A: No, not at the moment. However, if there’s more information that you want to send to me directly about Code Collaborator let me know and we can look at it.
Q: Where can I find the definitions of tables/views in the operational datastore and datamart?
A: These are available directly in our help docs
Q: Any tie-ins anticipated with Jdeveloper?
A: No, not at the moment. If you’re thinking about it from a IDE integration right now we support Visual Studio and Eclipse for IDE; however, if you’re looking at JDeveloper the best way is to get it in via JDevelopers web-page plugin, and viewing TeamForge’s web UI directly in the IDE.
Q: Any plans to add Sonar?
A: Yes, that’s on our list of integrations that we want to eventually support through CollabNet Connect, but we haven’t targeted a specific release to offer this yet.
Q: Is Agile stuff available natively or do you have to install it?
A: it’s available natively
Q: If you have TeamForge 6.1.1 for Windows, will you make available an upgrade install?
A: Yes. You’ll be able to upgrade from 6.1.1 to 6.2 on Windows. This is something new we added and – and 6.1.1 was basically a migration option for – for 6.1.1 to further future versions of TeamForge. Stay tuned on the availability of TeamForge 6.2 on windows.
Q: Can you apply TeamForge for creating and reviewing documents the same as you would for Source Code stuff?
A: Yes, we have our own document management tool that’s inside of TeamForge and it has its own review tool within it. Essentially, you can put something up in the document structure, an interface similar to Windows Explorer. When you put that document in the document space you can change the status to either draft, and then you can also add a review to it and you can assign users within your TeamForge project to review that document.

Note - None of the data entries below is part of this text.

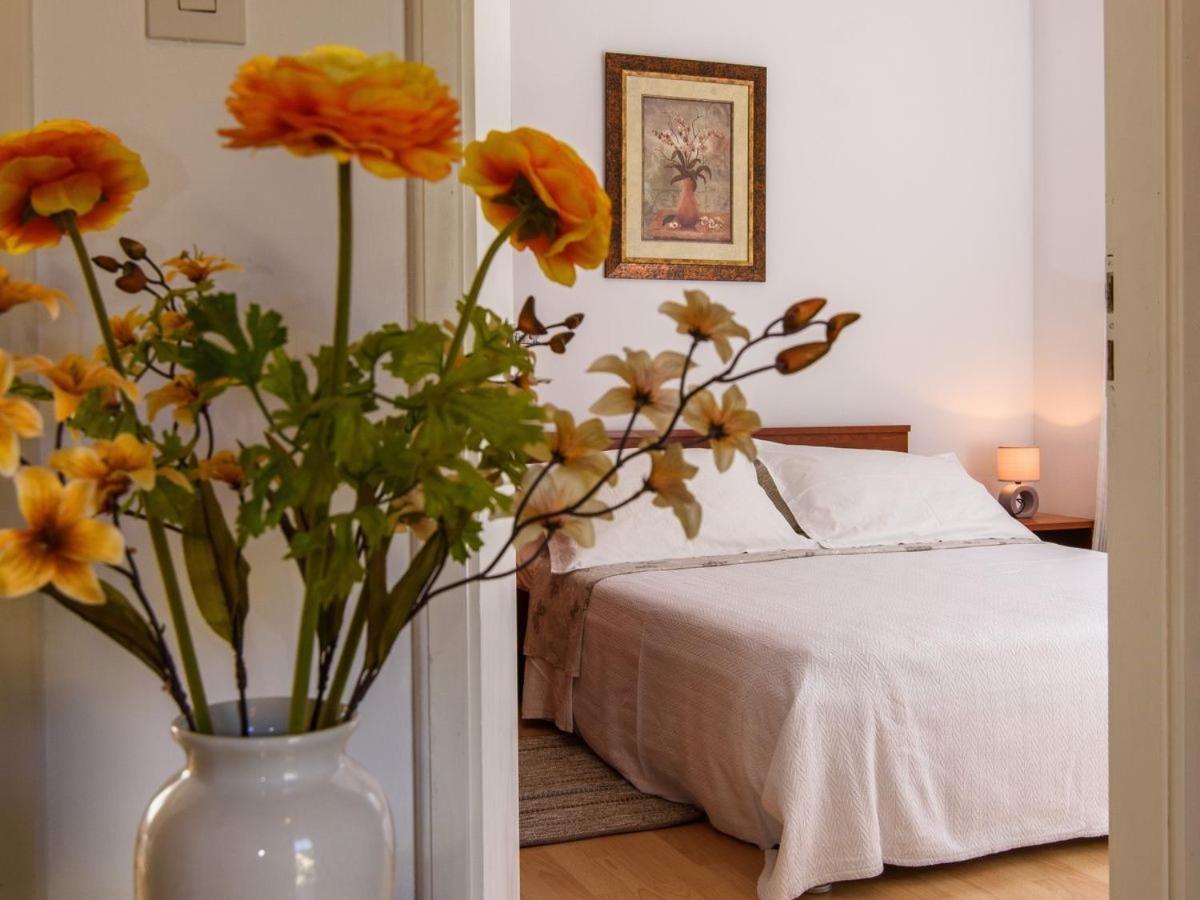 Apartments Beba - peaceful location Trogir Exterior foto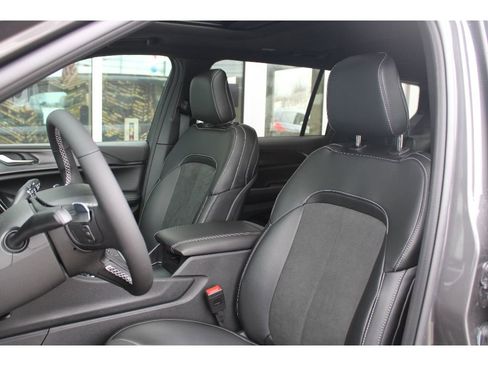 New 2025 Jeep Grand Cherokee L Altitude image 13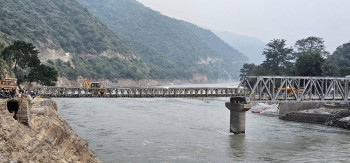 खुर्कोटको बेलीब्रिजमा नटबोल्ट खुस्किए, सेनाले थाल्यो मर्मत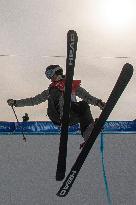 (BEIJING2022)CHINA-ZHANGJIAKOU-OLYMPIC WINTER GAMES-FREESTYLE SKIING-WOMEN'S FREESKI HALFPIPE-QUALIFICATION (CN)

The difference is is you’re not getting the inline annotation that you would get with code review, but you will be able to get it and see who’s reviewed it, who’s not, and what your status is.
Q: Does TF 6.2 support ingest and parsing of externally generated requirements?

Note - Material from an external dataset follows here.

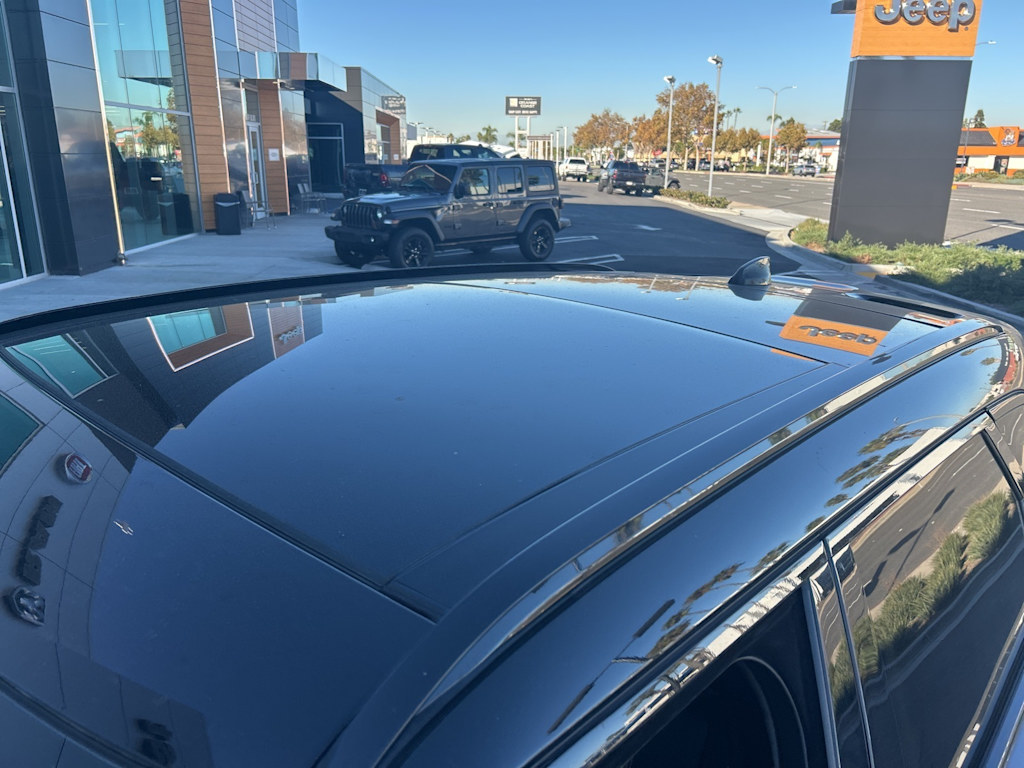 Thumbnail: 2022 Land Rover Range Rover Velar - 23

A: In general, we allow for connecting to third party tools directly through CollabNet Connect, but if you have a specific tool that you have in mind, let us know and we can investigate further.

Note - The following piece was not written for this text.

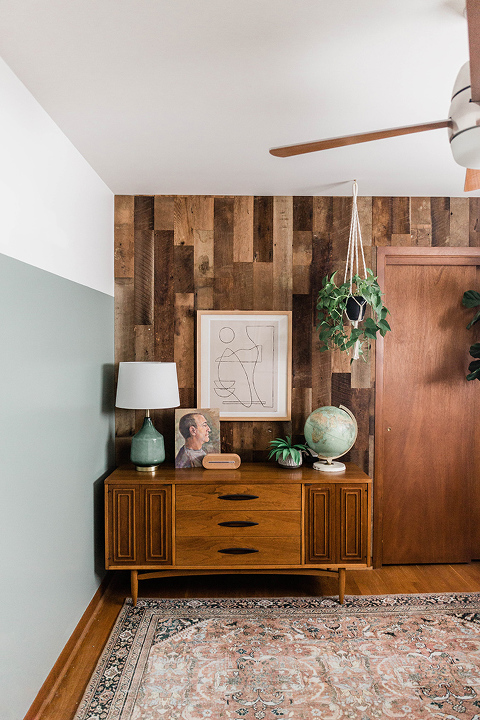 DIY Reclaimed Wood Feature Wall Tutorial | dreamgreendiy.com + @WoodstockWallsCo #ad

Q: When will 6.2 be available on Forge.mil? [Should Remove this question
A:N/A – This Q should be removed
Q: How Git support in TeamForge 6.2 compares to GitHub?
A: The big difference is GitHub is really meant for hosting your Git repository. TeamForge is a full application life cycle management tool so you get anything from your planning phase which is done in the TeamForge tracker to the coding phase which is done in combination of your SCM tool and the tracker to reviewing, which could be part of your code review tools such as Gerrit and Git and Code Review. So really what you’re thinking about is a lot more wider selection of tools. The other part is TeamForge allows for a master repository centrally located that can be gated by Gerrit. So now you have a gating area using Gerrit to actually allow for being able to push to just Gerrit and then a master repository as the main Git – Gerrit repository inside of TeamForge. To me, the big difference is you’re looking at a much wider solution than what GitHub supports. And also we’re a lot more flexible. So if you want to actually have it hosted in your own private environment we – we support that. If you want to have a private cloud support or a public cloud support. So the deployment options is a lot more flexible than what GitHub has as well.